What impressed you most there?
Klein: Visiting the famous rice terraces was extremely impressive. We learned how such fields are cultivated in the traditional way, and how they have existed for centuries. The local inhabitants, the Hani, showed us how humans and nature can interact symbiotically, and we participated in their daily rituals, For example by catching by hand the fish that they use to fertilise the rice fields. We learned that the Hani hardly use writing, pass on their traditions through song and dance and, as a mountain people, have no word for war in their language. We had the honour of being part of their community and experiencing how proud they are to carry on the Hani culture.
In 2021, the second Porsche Heritage Experience was held in Hawaii. What awaited you there, and what made you choose the aloha culture?

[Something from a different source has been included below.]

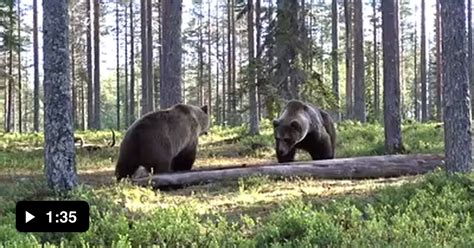 Awesome bear fight - 9GAG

Klein: There is much more to the aloha culture than flowers in the hair and friendly people. The roots of Hawaiian culture go back more than 1,200 years. The cultural identity of the Hawaiians has been heavily influenced by the history of maritime exploration, religion and faith, and by wind and water. The islanders have given us invaluable insights into their culture and their way of handing down traditions via language, dance and symbols. Fishponds are a very special tradition of ancient Hawaiian aquaculture. The Hawaiian people traditionally pass on the task of maintaining and preserving their centuries-old aquaculture to the next generations. And as part of the Porsche Heritage Experience they allowed us to be a part in this.
The latest Porsche Heritage Experience is being held in Germany. What made you decide to stay at home this time?

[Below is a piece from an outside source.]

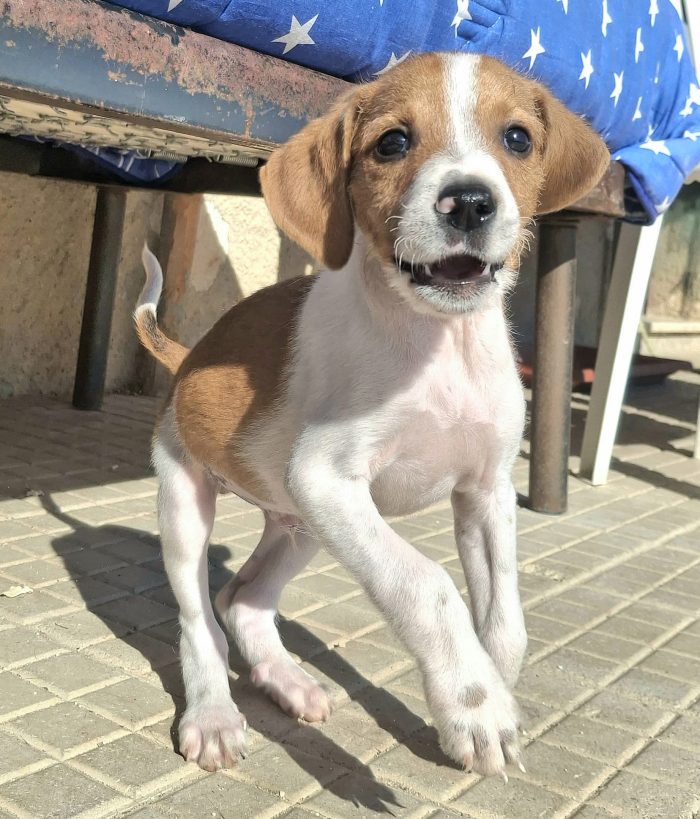 Zack 2 mesi taglia media piccola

Klein: For us, it was a matter of honour, in this anniversary year that means so much to us, to stay in our own country and experience profound insights into heritage conservation and cultural preservation in Germany. This is why we aim to present our understanding of tradition in our own country in 2023.
And why did you choose the Rhineland-Palatinate region?

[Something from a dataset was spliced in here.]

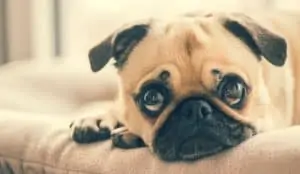Pug Care: Frequently asked questions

Klein: This selection was no coincidence, being based on the same parameters as always, namely the concentration of exceptional manifestations of culture, identity and tradition. In general, where there are a lot of rivers one finds a lot of culture. Rivers distribute culture, are transportation routes for goods, and inspire aesthetically inclined individuals. Rhineland-Palatinate even bears the name of Germany’s most important river, the Rhine, which is one of the main transportation routes in Europe. When you add the Moselle, the Saar and the Lahn, the state is traversed by four of Germany’s major waterways. This alone was sufficient reason for us to get to know the region, along with its customs and crafts.
What awaits the participants in this year’s Heritage Experience?
Klein: We’ll be visiting Weinessiggut Doktorenhof, Hambach Castle, and Speyer Cathedral, while staying in the Kloster Hornbach Hotel. And, in between these four destinations, we’ll be driving along stunning roads based mainly on the pilgrimage routes of the St. James’s Way. With the Palatinate experts on cultural conservation, we’ll discuss their methods and scientific approaches in a variety of workshops and compare them with the conservation work we carry out at Porsche. The goal here is always to broaden our own horizons in order to learn from the best in their field. The accompaniment of historical sports cars as we travel from one cultural site to another rounds off the cultural experience very nicely.